A report at Kitco News (Allen Sykora – December 27, 2012 – relates that the expectation is that there will be a modest surplus of copper on the market this year. However, analysts expect demand to increase somewhat as well. On top of this, the Kitco article states that inventories of copper are historically low.

Southern Copper Corp (NYSE:SCCO)What does this all mean for investors considering copper companies? The consensus is that copper prices will mainly hold in 2013, with modest price fluctuations in either direction.  A Bloomberg report on December 11, 2012 ( – Maria Kolesnikova) indicated that Bank of America Corp (NYSE:BAC) believes that copper, gold, silver, platinum and palladium will outperform other commodities in 2013 due to easing by the U.S. Federal Reserve and supply constraints.

Therefore, some sort of price stability seems to be the tea that’s brewing in copper kettles for the year. What does this portend for investors sipping and studying major copper companies? Are they positioned for greater growth?

Southern Copper Corp (NYSE:SCCO) is one of the largest integrated copper producers in the world. The company recently reported their Year 2012 financial results. Their Net Sales were $6.7 billion. This was 2.2 percent lower than their Year 2011 historical record of $6.82 billion. They achieved their Net Sales by an increase in sales volumes for copper (+7.1 percent), silver (+14.6 percent) and zinc (+3 percent). Of note is that they experienced only a small drop in sales despite the price for copper decreasing by 10 percent.

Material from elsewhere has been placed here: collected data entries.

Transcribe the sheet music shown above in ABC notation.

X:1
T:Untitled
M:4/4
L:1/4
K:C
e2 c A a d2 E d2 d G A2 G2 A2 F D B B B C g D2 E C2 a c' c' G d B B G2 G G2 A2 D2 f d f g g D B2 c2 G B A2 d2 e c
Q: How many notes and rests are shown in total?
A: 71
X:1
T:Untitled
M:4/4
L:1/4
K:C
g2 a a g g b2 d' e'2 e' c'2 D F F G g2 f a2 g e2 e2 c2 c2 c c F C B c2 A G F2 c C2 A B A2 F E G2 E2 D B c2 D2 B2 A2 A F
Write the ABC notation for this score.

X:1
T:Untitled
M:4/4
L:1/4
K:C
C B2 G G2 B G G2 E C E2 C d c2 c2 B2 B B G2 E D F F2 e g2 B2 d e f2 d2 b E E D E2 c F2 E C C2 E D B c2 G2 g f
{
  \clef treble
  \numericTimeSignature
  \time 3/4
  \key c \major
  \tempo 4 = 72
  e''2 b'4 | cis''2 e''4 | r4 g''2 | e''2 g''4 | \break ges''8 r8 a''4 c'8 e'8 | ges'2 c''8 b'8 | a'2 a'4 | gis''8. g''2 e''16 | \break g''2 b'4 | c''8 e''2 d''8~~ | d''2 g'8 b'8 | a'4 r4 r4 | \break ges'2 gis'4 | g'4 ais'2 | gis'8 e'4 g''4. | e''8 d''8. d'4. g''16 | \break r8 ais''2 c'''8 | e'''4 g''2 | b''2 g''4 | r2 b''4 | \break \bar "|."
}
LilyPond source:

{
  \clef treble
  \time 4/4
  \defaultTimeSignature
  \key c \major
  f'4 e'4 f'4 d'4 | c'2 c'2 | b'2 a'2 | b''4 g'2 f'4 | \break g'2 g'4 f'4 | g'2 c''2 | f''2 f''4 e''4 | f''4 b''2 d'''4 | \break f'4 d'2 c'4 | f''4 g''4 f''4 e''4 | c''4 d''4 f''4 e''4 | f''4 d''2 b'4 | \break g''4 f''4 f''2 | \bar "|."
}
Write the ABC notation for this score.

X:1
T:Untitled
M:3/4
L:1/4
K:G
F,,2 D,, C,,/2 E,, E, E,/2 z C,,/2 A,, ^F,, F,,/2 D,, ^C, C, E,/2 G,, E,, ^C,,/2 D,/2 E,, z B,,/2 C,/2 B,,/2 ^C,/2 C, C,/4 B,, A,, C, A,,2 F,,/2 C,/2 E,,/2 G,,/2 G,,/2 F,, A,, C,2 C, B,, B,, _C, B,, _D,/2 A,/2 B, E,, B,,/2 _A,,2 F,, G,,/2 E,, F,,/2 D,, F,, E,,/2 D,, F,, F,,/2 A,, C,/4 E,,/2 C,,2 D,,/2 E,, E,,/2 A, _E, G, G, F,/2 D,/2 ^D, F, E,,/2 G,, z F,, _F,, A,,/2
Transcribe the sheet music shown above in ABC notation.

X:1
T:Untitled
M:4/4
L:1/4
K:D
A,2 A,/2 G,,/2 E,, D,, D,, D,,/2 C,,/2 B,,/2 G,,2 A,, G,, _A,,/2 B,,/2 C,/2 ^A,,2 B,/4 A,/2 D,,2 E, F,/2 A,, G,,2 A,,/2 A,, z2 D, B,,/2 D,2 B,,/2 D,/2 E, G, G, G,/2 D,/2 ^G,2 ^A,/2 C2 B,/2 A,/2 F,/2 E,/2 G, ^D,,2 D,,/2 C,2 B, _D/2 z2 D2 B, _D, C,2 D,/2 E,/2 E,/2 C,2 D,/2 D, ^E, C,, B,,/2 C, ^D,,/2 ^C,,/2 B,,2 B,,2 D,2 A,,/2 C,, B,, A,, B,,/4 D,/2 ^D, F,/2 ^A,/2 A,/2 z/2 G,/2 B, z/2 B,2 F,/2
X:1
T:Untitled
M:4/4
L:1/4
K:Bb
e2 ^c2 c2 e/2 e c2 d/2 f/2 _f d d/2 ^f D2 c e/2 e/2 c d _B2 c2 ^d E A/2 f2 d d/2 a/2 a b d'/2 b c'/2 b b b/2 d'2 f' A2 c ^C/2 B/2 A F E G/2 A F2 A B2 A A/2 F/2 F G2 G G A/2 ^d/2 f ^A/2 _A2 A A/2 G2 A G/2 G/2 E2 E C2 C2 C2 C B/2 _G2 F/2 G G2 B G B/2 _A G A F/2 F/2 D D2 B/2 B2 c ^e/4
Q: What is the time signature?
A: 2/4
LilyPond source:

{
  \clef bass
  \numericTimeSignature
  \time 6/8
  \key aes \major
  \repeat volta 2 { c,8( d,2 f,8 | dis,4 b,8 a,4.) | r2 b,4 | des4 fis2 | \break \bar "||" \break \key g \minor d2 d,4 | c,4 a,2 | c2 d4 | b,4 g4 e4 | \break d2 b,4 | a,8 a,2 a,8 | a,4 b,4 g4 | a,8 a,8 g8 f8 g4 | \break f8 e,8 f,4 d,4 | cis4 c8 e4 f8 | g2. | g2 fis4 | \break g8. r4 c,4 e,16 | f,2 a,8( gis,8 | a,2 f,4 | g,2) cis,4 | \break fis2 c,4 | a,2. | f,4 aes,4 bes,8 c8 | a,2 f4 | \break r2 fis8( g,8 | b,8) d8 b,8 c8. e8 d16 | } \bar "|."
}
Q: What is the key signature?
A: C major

Investors should consider pricing as well as expenses concerning copper producers. Southern Copper Corp (NYSE:SCCO)’s Operating Cash Cost per pound of copper before by-product credits was $1.796 per pound in Year 2012. This is in comparison to $1.759 per pound in Year 2011, an increase of 2.1 percent. The increase was primarily due to increases in costs for fuel and power.

Their Operating Cash Cost per pound, net of by-product credits was $0.713 in Year 2012, compared to $0.517 in Year 2011. This was mainly due to lower prices for the company’s major by-products. Therefore, analysts’ outlook for copper prices is something investors should consider for 2013 and beyond.

However, Southern Copper’s copper mine production and capital expenditures are positives for investors to look at when performing due diligence. The company’s copper mine production increased by 50,188 tons or 8.5 percent in Year 2012, compared with Year 2011. This was due to better ore grades and recoveries at all of their mines. Southern Copper had total copper production of 651,801 tons in Year 2012. This is 11,801 tons higher than their 2012 goal of 640,000 tons.

I like the company’s dedication this year to their investment program. Their goal is to increase copper production capacity by approximately 84 percent – from 640,000 tons to 1,175,000 tons by the year 2017. Southern Copper’s Capital Expenditures were $1,051.9 million for Year 2012 – a record. This was 71.6 percent higher than their record set in Year 2011. This commitment to increasing copper production capacity could provide better returns for investors in the coming years.